AND JOACHIM MONVOISIN

TUESDAY 28th MARCH 2017 AT 2 PM. 

TOURCOING, ÉCOLE SUPÉRIEURE D’ART DU NORD – PAS DE CALAIS (DUNKERQUE/TOURCOING)  

36 BIS RUE DES URSULINES – 59200 TOURCOING 

 

INTERVIEW

A meeting with the two artists Charlotte Vitaïoli and Joachim Monvoisin who may work together, in particular to make the film Le chant des corbeaux/The Crow’s Song, and who also work separately with possible passages between each other and shared references.

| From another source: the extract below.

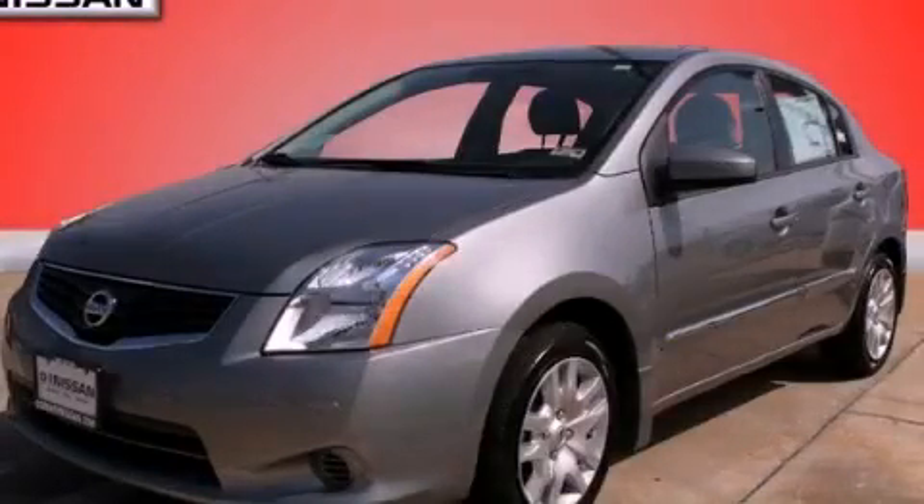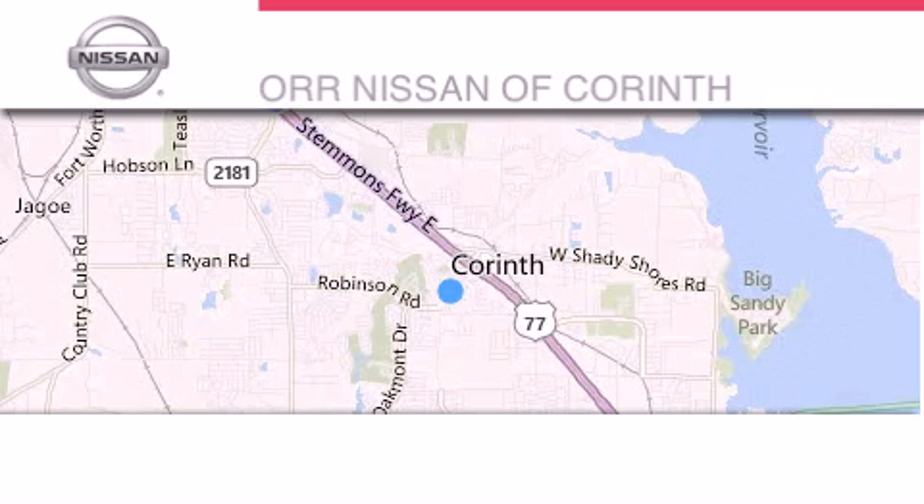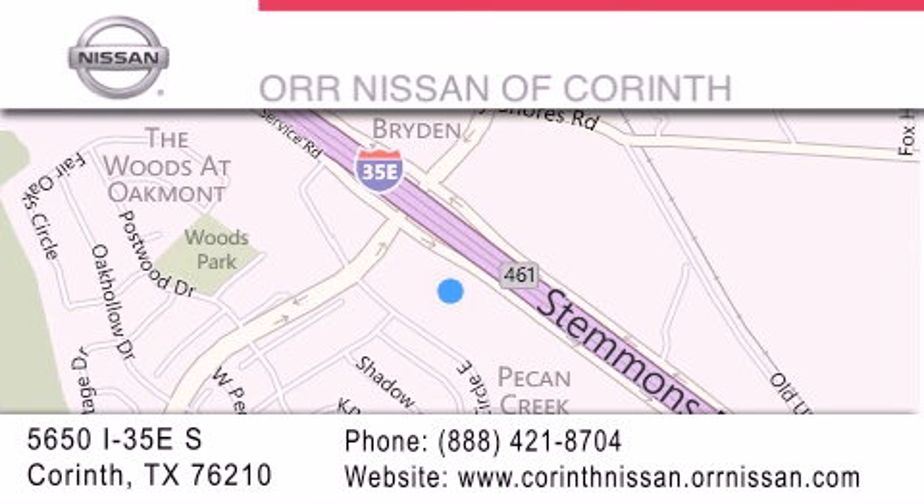Please call today to reserve this vehicle for a test drive. Thank you for considering OR Nissan of Corinth for your next vehicle. If you have any questions, please visit our website, give us a call, or stop by our dealership located at 5650 Interstate 35 East South in Corinth.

Le chant des corbeaux, 2016, 23 mn

Production 36secondes / Youpi Banga / IdeaLuv

 

Le chant des corbeaux is a black and white auto-fiction, a Road Movie that looks like a Thriller.  The plot is set in a snowy place and hinges on the search for three suitcases which appear throughout the film. The choice of filming in snow is akin to lunar territory, and calls to mind desert expanses which echo the codes of the Western. This décor emphasizes the fantastic dimension and favours the novelistic plot of the narrative.  If the desert is a place of every manner of suffering in the traditional Western, it is also the refuge of men on the run, and all those who reject civilization. This dimension betrays the need to disappear, to take refuge from the system. Le chant des corbeaux broaches the notion of a way out, and the need for wide open spaces peculiar to the Road Movie.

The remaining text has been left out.